**Brief:**
Give the data again exactly, stopping after the "Bright bathroom featuring" line.

(Web page caption snippets)
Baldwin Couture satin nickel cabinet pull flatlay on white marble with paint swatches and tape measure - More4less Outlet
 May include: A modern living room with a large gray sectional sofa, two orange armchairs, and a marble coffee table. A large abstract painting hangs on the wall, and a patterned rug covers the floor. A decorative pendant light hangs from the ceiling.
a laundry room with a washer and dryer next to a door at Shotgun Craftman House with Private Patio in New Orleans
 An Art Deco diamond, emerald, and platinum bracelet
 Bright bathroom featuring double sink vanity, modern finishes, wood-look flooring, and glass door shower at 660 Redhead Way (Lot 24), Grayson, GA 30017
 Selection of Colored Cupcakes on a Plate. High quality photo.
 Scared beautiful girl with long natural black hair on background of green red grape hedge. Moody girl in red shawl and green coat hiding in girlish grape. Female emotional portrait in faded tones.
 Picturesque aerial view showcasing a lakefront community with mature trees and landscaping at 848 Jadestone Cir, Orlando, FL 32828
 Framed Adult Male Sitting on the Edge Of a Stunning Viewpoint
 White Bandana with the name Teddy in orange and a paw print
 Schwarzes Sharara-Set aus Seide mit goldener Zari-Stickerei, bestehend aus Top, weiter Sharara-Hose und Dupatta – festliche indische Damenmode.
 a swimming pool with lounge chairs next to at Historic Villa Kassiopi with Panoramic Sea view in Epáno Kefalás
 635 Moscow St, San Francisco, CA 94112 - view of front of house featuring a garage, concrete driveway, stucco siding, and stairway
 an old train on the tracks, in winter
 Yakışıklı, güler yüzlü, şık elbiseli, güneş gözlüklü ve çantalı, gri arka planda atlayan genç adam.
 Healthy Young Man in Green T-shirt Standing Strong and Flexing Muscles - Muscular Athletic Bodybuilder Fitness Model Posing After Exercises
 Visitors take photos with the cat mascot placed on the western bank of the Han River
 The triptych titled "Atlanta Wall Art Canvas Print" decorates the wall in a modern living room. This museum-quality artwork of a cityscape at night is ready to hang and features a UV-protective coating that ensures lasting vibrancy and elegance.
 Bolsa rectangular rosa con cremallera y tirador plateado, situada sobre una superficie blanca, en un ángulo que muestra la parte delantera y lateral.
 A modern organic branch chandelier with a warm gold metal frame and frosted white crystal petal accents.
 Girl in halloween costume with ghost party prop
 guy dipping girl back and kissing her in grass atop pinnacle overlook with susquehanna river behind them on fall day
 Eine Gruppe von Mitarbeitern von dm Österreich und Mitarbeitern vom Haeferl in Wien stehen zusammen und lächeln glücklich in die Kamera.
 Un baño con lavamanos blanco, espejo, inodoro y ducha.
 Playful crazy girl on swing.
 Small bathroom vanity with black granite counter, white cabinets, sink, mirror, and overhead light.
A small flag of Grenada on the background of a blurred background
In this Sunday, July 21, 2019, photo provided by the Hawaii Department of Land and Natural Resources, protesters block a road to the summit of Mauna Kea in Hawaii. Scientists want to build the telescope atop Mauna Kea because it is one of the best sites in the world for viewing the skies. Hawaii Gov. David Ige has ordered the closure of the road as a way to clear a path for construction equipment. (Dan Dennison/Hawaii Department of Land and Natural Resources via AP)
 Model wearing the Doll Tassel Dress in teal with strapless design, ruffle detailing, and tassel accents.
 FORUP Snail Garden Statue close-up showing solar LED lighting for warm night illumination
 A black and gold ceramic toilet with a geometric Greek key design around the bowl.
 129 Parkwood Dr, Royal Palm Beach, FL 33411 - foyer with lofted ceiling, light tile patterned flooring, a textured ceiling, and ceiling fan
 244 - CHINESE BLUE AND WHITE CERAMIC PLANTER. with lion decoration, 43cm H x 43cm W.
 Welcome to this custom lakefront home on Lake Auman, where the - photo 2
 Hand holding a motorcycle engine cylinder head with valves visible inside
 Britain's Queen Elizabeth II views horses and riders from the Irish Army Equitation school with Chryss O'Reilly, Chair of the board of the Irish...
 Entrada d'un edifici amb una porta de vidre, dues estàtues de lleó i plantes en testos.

**Answer space:**
Baldwin Couture satin nickel cabinet pull flatlay on white marble with paint swatches and tape measure - More4less Outlet
 May include: A modern living room with a large gray sectional sofa, two orange armchairs, and a marble coffee table. A large abstract painting hangs on the wall, and a patterned rug covers the floor. A decorative pendant light hangs from the ceiling.
a laundry room with a washer and dryer next to a door at Shotgun Craftman House with Private Patio in New Orleans
 An Art Deco diamond, emerald, and platinum bracelet
 Bright bathroom featuring double sink vanity, modern finishes, wood-look flooring, and glass door shower at 660 Redhead Way (Lot 24), Grayson, GA 30017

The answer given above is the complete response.